All ecosystems also require access to talented human capital, not only as a pool of potential founders but also as a source of skilled talent for startups to tap into. Sharjah is well-placed in this regard, with a University City that is home to over 30,000 students and has graduated over 35,000 alumni. Sheraa in fact has two hubs – one in the American University of Sharjah and another in the University of Sharjah – which allow us to connect with the university community and foster entrepreneurship among both the students and faculty.
Finally, ecosystems must provide additional business support resources – via institutional support through incubators and accelerators – to nurture young companies and help them survive.
The Covid-19 pandemic has been a steep learning curve to say the least. It has forced us to rethink work and productivity to navigate challenges the world hadn’t witnessed before. As startups pivot in this new economic reality, I believe there is an urgent need to call for relaxed laws and regulations stipulating changes that benefit a new working norm, and the UAE is already answering that call as evidenced by the recent announcement regarding the remote-working programme.
Shifting to remote working patterns almost overnight during the pandemic has proved the potential of leveraging technology as a key enabler of mobility and business continuity. More flexible and hybrid workplaces, as we have seen being implemented across sectors over the past six months, will certainly lead to increased employee motivation, improve productivity levels, reduce costs and enhance creativity.

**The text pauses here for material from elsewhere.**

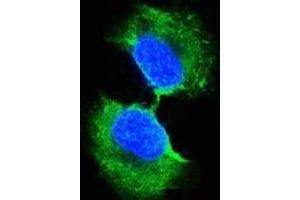 Confocal immunofluorescence analysis of PC-3 cells using GSTP1 antibody (green). (GSTP1 抗体)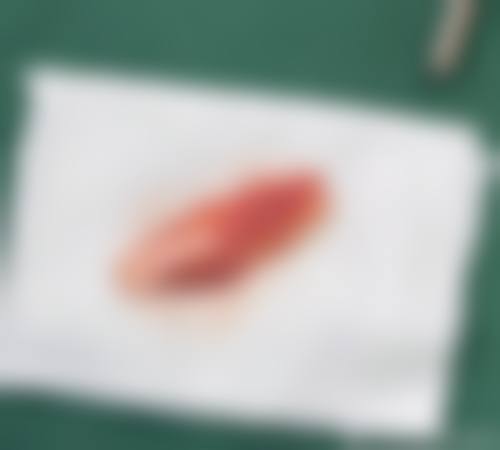 黄志新医生在哪家医院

It has shown that a flexible workforce is a reality, and I believe startups in the region must begin equipping themselves with the right resources as they revise and re-evaluate how and why they hire to survive in a rapidly evolving market. That in turn means developing regulatory frameworks that supports them, and we are definitely moving in that direction.
With the outbreak of the pandemic, remote working has become the new normal; and although it can be challenging, I believe it is here to stay. It has definitely forced us to rethink what it means for a startup to be “based” in a particular region, as well as what it means for the future of coworking hubs and the delivery of programmatic offerings. More and more, it seems that it does not in fact matter where the entrepreneur sits, provided they are able to engage with the ecosystem they are interested in. Startups will go wherever makes the most sense for them, and are no longer necessarily tied to one specific physical location. The onus is now on us as ecosystem builders and entrepreneurship support organisations to broaden our own scope and adapt to this changing landscape.

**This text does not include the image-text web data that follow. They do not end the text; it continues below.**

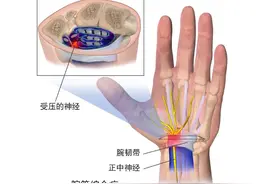 睡觉手麻要小心，这3种原因经常被忽略！图片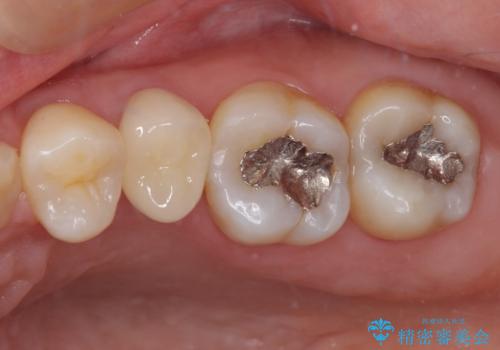 奥歯が痛い 保険治療後に症状が発現した歯のむし歯治療の治療後
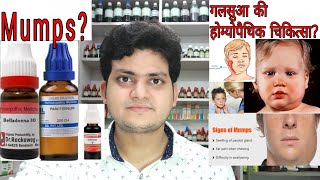 Mumps गलसुआ Homeopathic medicine for Mumps Explain [upl. by Caasi]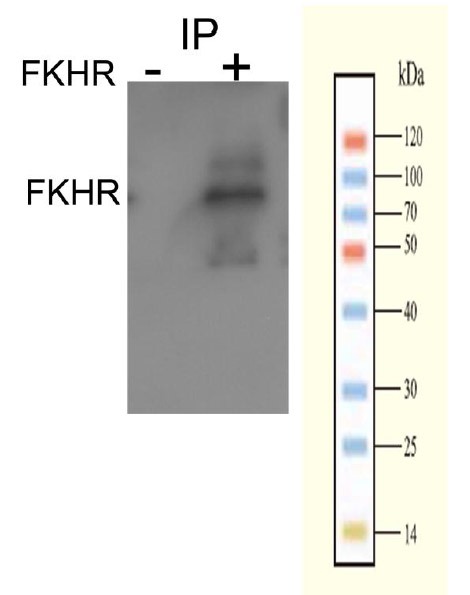 Anti-Phospho-FKHR (Ser256) Polyclonal Antibody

As a result the outbreak of the coronavirus pandemic, the fluidity of global economic interdependence was brought to a staggering halt overnight. Now, more than ever, we are recognising the importance of self-sufficiency particularly in critical sectors such as food security, education and healthcare. As the nation looks inwards for local ingenuity to cover these bases, not just for long-term sustainable economic development but also social wellbeing, we aim to play a key role in producing and attracting that talent.
To understand the value Sharjah places on nurturing human capital, one need only look at University City. Not only are the educational institutions based there - such as the American University of Sharjah, Higher Colleges of Technology, and University of Sharjah - beginning to incorporate entrepreneurial learning into their curriculums, they are also placing an increasing emphasis on R&D, innovation, and commercialisation.